Adenosine kinase is the key metabolizing enzyme regulating cellular adenosine concentrations. Inhibition of adenosine kinase can selectively enhance the protective actions of adenosine during tissue trauma without producing the nonspecific effects associated with the systemic administration of adenosine receptor agonists (IC50: 1.7 nM in cell-free assays).

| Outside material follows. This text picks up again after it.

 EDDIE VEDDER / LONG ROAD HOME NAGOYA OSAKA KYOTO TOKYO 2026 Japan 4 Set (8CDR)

Adenosine Kinase Inhibitor was found to be a potent non-nucleoside adenosine kinase inhibitor with several folds of magnitude selectivity over other sites of adenosine interaction. Adenosine Kinase Inhibitor was 1300- to 7700-fold selective for adenosine kinase compared with other neurotransmitters and peptide receptors, neurotransmitter/nucleoside reuptake sites, and enzymes. Adenosine Kinase Inhibitor was equipped in inhibiting native human adenosine kinase, human recombinant isoforms, as well as adenosine kinase from dog, rat, monkey, and mouse brain [1].

Adenosine Kinase Inhibitor was orally active and efficacious in reducing acute somatic nociception in the mouse hot-plate assay. Adenosine Kinase Inhibitor could dose-dependently reduce nociception in the phenyl-p-quinone-induced abdominal constriction assay. The antinociceptive effects of Adenosine Kinase Inhibitor in the hotplate assay were stopped by the nonselective adenosine receptor antagonist theophylline, but not by a peripherally selective adenosine receptor antagonist [1].